The US Consumer Product Safety Commission did a recent study where they found that there were around 5,000 amusement park accidents around the country last year. At this time, there are no federal safety regulations for amusement parks. However, there are some states that require amusement parks to pass rigid safety code inspections, but accidents still occur with great regularity.
So if you are at an amusement park, and you are asked to sign a waiver in case of personal injury, what should you know? Here are a few things to keep in mind before putting your signature on anything.
Enforceability of Waivers
Most people have the impression that waivers are standard documents full of fine print, just like any other contract, if properly drafted and executed, a waiver is enforceable.
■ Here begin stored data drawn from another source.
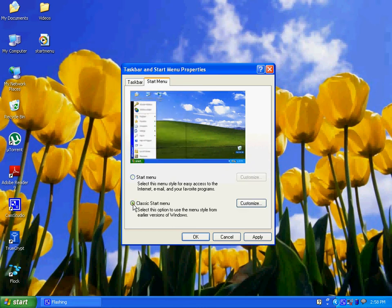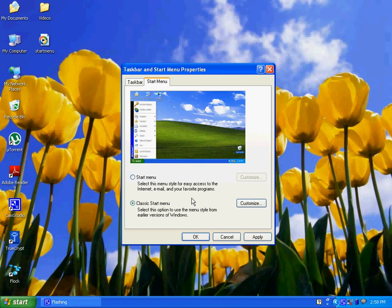So now I want to change the menu style to classic start menu, so I select the classic start menu option box.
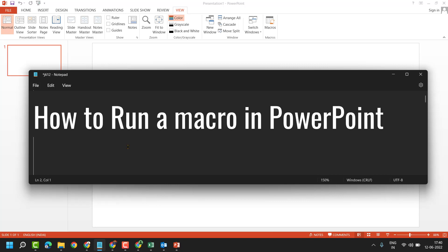Hello friends. In this video, I will show you how to run a macro in PowerPoint in a simple and basic way.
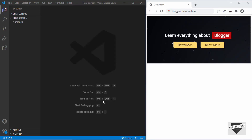Hi everybody, welcome to live blogger. In this video, I'll show you how to create a hero section for the homepage of your blogger website. This hero section won't be visible in any other page of your blogger website except the homepage. This is the design that we're going to be using as the hero section. It's a simple design — you can go ahead and make changes and turn it into something you need. Alright, let's get started.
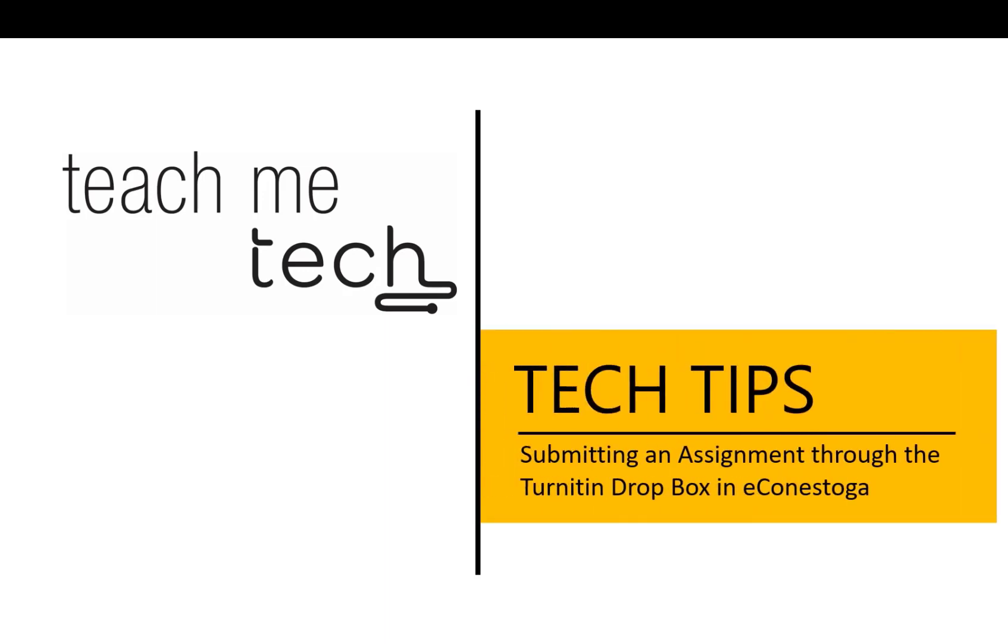Submitting an Assignment through the Turnitin Dropbox in eConestoga. In this video, you will learn how to submit an assignment through the Turnitin-enabled Dropbox in eConestoga.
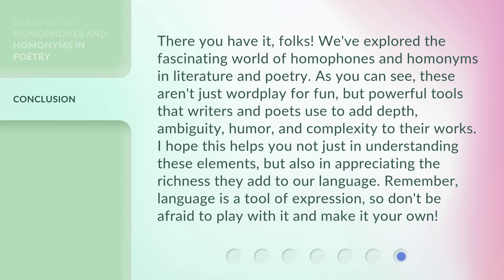There you have it, folks. We've explored the fascinating world of homophones and homonyms in literature and poetry. As you can see, these aren't just wordplay for fun, but powerful tools that writers and poets use to add depth, ambiguity, humor, and complexity to their works. I hope this helps you not just in understanding these elements, but also in appreciating the richness they add to our language. Remember, language is a tool of expression, so don't be afraid to play with it and make it your own.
In general to be enforceable, the waiver:
- Must be clearly worded and unambiguous in its intent to relieve any and all legal liability, even liability for negligence.
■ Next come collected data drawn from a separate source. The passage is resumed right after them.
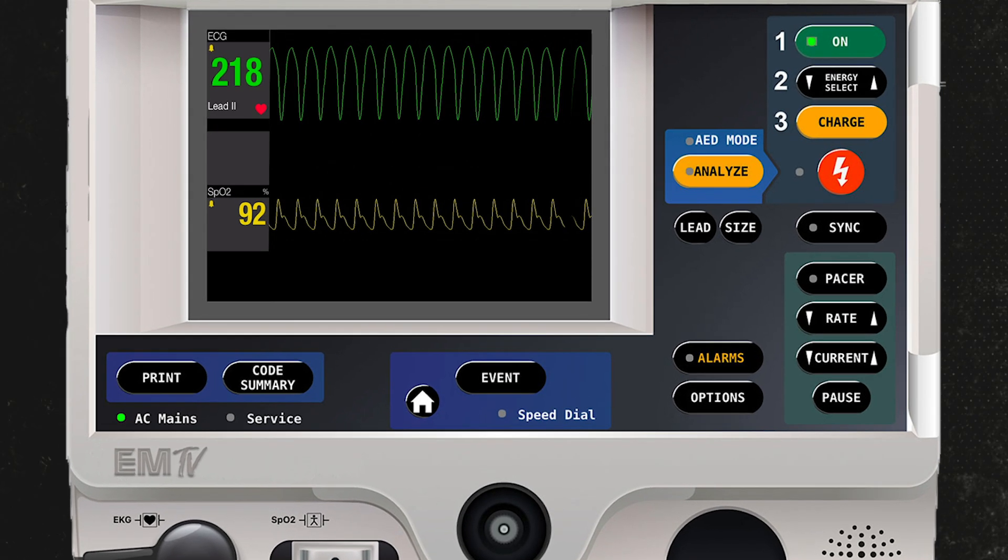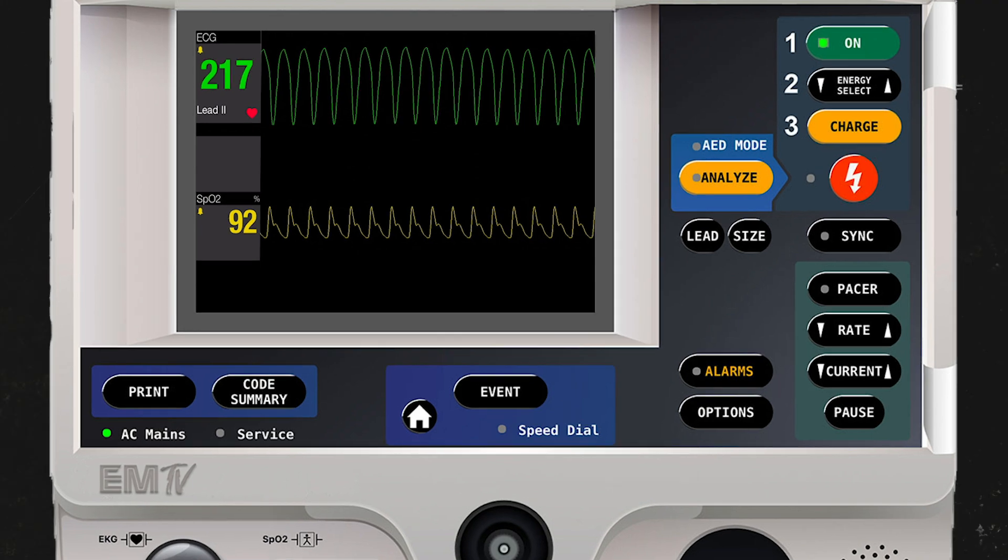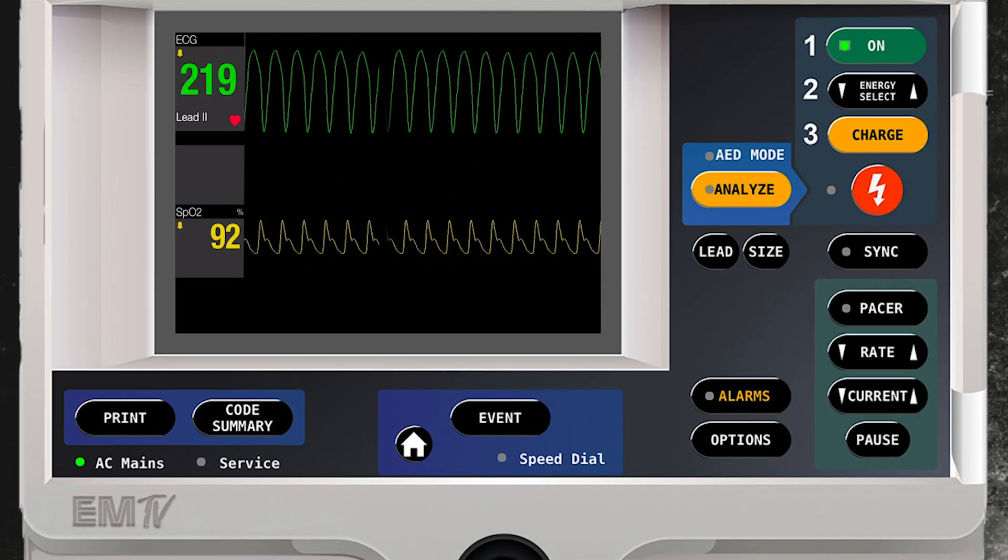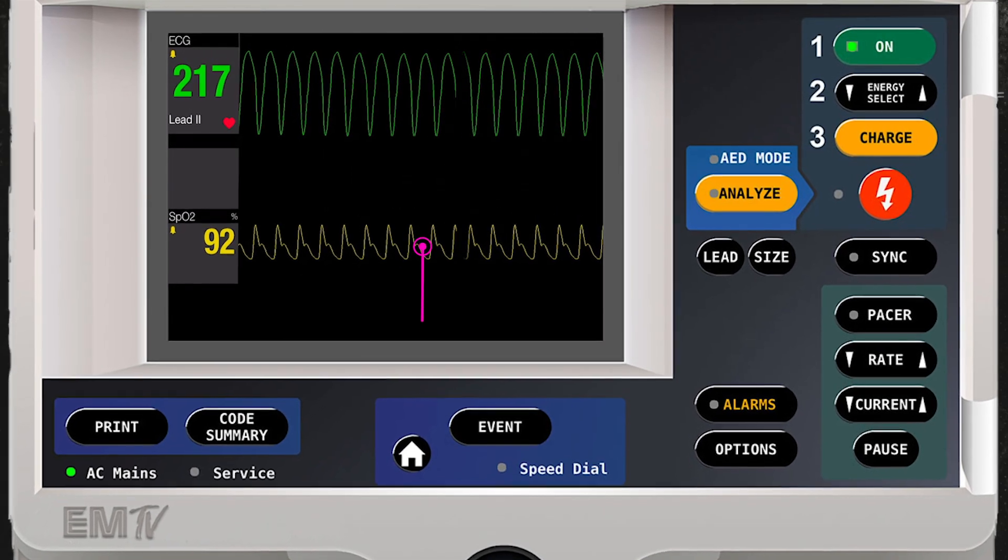My patient happens to be in VTAC, but I can tell that it has a pulse because the patient has an SpO2 pleth.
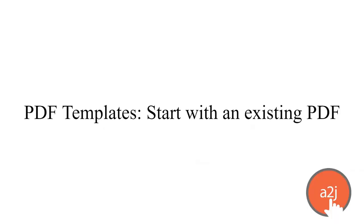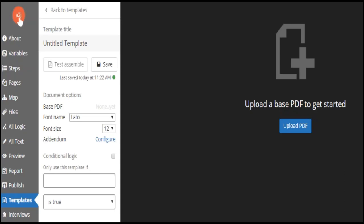Now let's move on to PDF templates. Same idea — the output is a PDF for your end user. The difference is just in what you're starting with. With PDF templates, you're starting with an existing PDF. This lets you start with a PDF you already have in hand and automate on top of it. This is mostly used when there may be complicated or strict formatting the resulting form must stick to, like a specific caption format or when the court already has a form available. You upload the existing document and add variable fields on top of it.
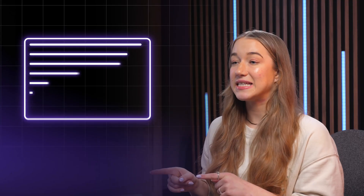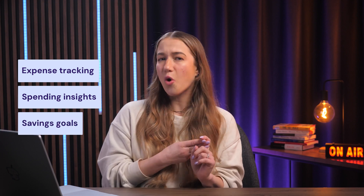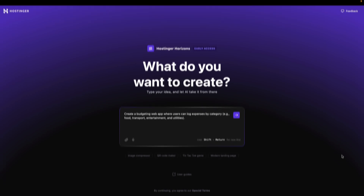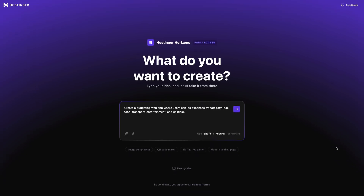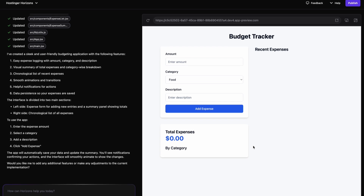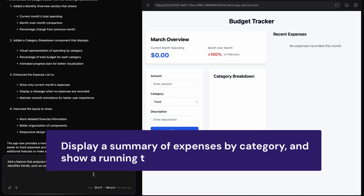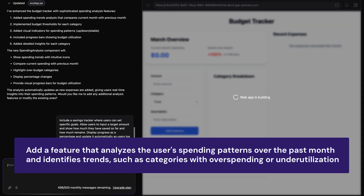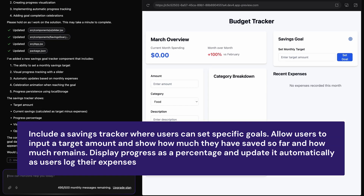My next tip also concerns clarity. When prompting with Horizons, less might just be more. If you cram too many features into one request, the AI might skip over something really essential. So if your web app idea is more complicated, don't throw everything at the AI in one giant prompt — break it down into smaller, more manageable parts and start with the core functionality first. For example, if you want a budgeting app with expense tracking, spending insights, and savings goals, don't ask for all of this at once. Start with the core feature, then build on it with additional prompts. Addressing each feature individually gives you cleaner results and way more control over how your web app takes shape.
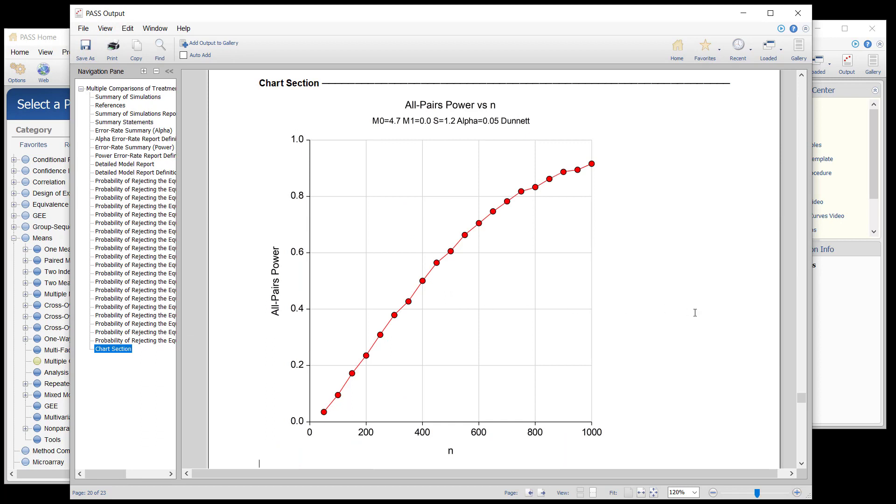The power curve for the all-pairs power shows the gradual increase in the ability to detect all three differences for larger and larger sample sizes.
- Language should be prominent and not be part of the fine print.
- Must be signed by the person about whom it is written. This means that each adult needs to sign a waiver, and the adult needs to sign a separate waiver for each child.
When a Waiver is Not Enforceable
While a wavier may be carefully drafted there are instances where a court may not enforce it, these exceptions may include:
- Gross negligence or willful conduct – If the waiver is found to absolve the operator from gross negligence or willful conduct, the waiver may be found to be invalid.
- Age of the waiver – If the establishment keeps a waiver “on file,” then it may be a valid defense if several months have passed since a waiver was read and signed, or if the waiver did not apply when the injury occurred.
- Inconsistent with state law – If the waiver contains language that is inconsistent with state law, a court may find it invalid.
- Limitations in the waiver – If the waiver is very specific about the types of injuries that it covers, and the damage falls outside of what the waiver specifies, then the waiver is irrelevant.